En octubre del año pasado, se conmemoraron 70 años de la culminación del grueso de los procesos judiciales encaminados a castigar las atrocidades cometidas por personeros vinculados con el oprobioso régimen nacionalsocialista, causas estas denominadas en conjunto por la historiografía universal como Juicios de Núremberg, en alusión a la ciudad alemana en la cual se escenificaron. No puede negarse que, en su momento, dichos juicios fueron objeto de contados pero agudos cuestionamientos, la mayor parte centrados en hechos como el de representar en sí mismos cierta especie de justicia del vencedor que en algunos casos rayó en la venganza, el juzgar delitos previamente no tipificados como tales, o la conveniente no casualidad de que la participación soviética en actos similares a los atribuidos a los nazis, verbigracia la masacre de Katyn en Polonia, no fuera objeto de escrutinio. Empero, las mencionadas críticas resultaron insuficientes para ensombrecer el importantísimo legado dejado por Núremberg, en tanto y cuanto sentó las bases de la armazón jurídica que a posteriori ha servido para evaluar y sancionar a escala planetaria las acciones emprendidas desde Estados y gobiernos, y/o en complicidad con estos, en contra de la persona humana.
Entre otras lecciones trascendentes, a partir de Núremberg se establecieron de manera inmutable tres consideraciones de marca mayor. En primer lugar, se ayudó a determinar la figura de los abusos y crímenes contra la humanidad, que entre sus especificidades sumaron el asesinato, los malos tratos infligidos al detenido (como la tortura, del tipo que sea: física o psicológica) y la persecución a grupos y personas, motivados los tres actos señalados por razones políticas. En segunda instancia, se asentó con claridad que desmanes de esta laya conllevan responsabilidad insoslayable para los funcionarios en los cuales Estados y gobiernos se encarnan y que tal responsabilidad entronca en un extremo con la acción y en el otro con la omisión, sin posibilidad de prescripción alguna.
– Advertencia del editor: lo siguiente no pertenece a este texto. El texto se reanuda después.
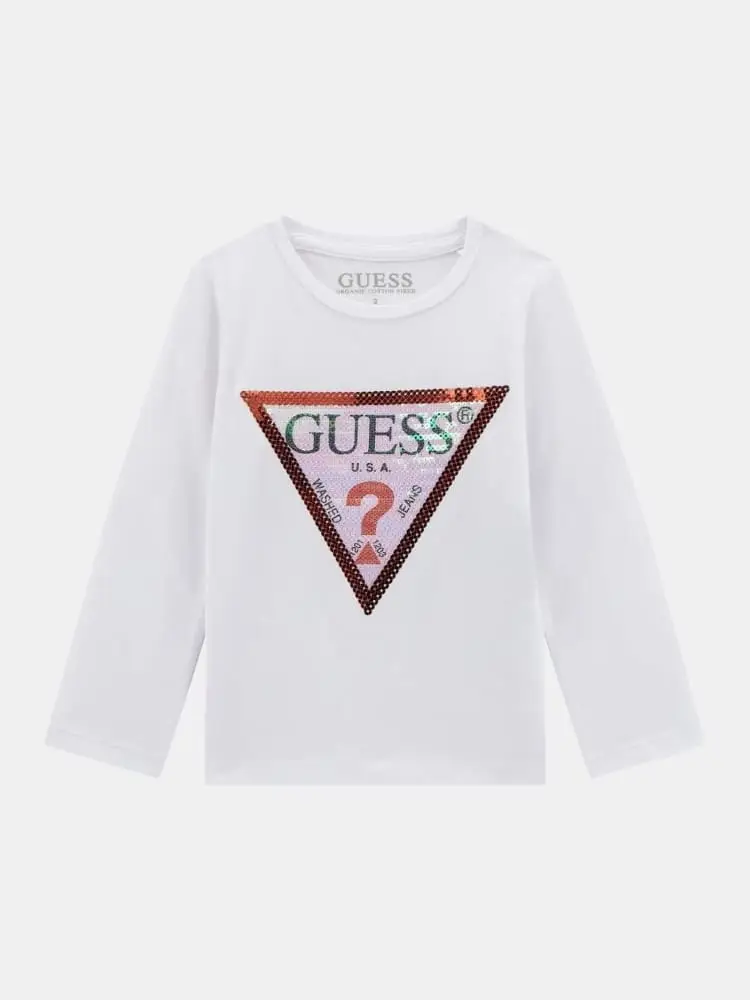 tshirt bianca bambina maxi logo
Lo anterior sirvió, a su vez, para puntualizar que el alegato construido en torno a la llamada obediencia debida no constituye eximente de lo obrado, de forma tal que tan responsables son los funcionarios emisores de órdenes desproporcionadas, ilegales o injustas, como los funcionarios ejecutores de éstas. Igualmente, al considerar la complicidad implícita, se allanó el camino para aclarar que toda acción, en el sentido criminal descrito, desarrollada por órganos paraestatales o paragubernamentales (el referente se constituyó a partir de las SS y del propio partido nazi) y por las personas a ellos asociadas, puede contabilizarse entre las tropelías adjudicadas a los miembros de Estados y gobiernos cuya responsabilidad llegue a demostrarse en tal sentido.
Por último, en la medida en que se determinó que los referidos crímenes y abusos se ejecutan en contra de la humanidad entendida en términos globales, se construyeron los pilares de la jurisdicción internacional con potestad para encauzar penalmente los delitos mencionados. A la larga, terminaron instituyéndose organismos como la Corte Penal Internacional donde se juzgan el genocidio y los identificados crímenes de guerra, de agresión y de lesa humanidad. En otras palabras, de Núremberg en adelante, la comunidad internacional se hizo garante de evitar y sancionar en lo posible las viles acciones adelantadas en desmedro de la sacrosanta condición humana en cualquier parte del mundo. Vale decir, por el hecho de que circunstancialmente no llegaren a ser encauzados por la justicia de su país, los responsables de estas iniquidades jamás estarán a salvo.
Núremberg enseñó: no hay intocables en materia de abusos contra la humanidad. Más acá o más allá, a los responsables les espera la correspondiente cita con la justicia. No sólo divina.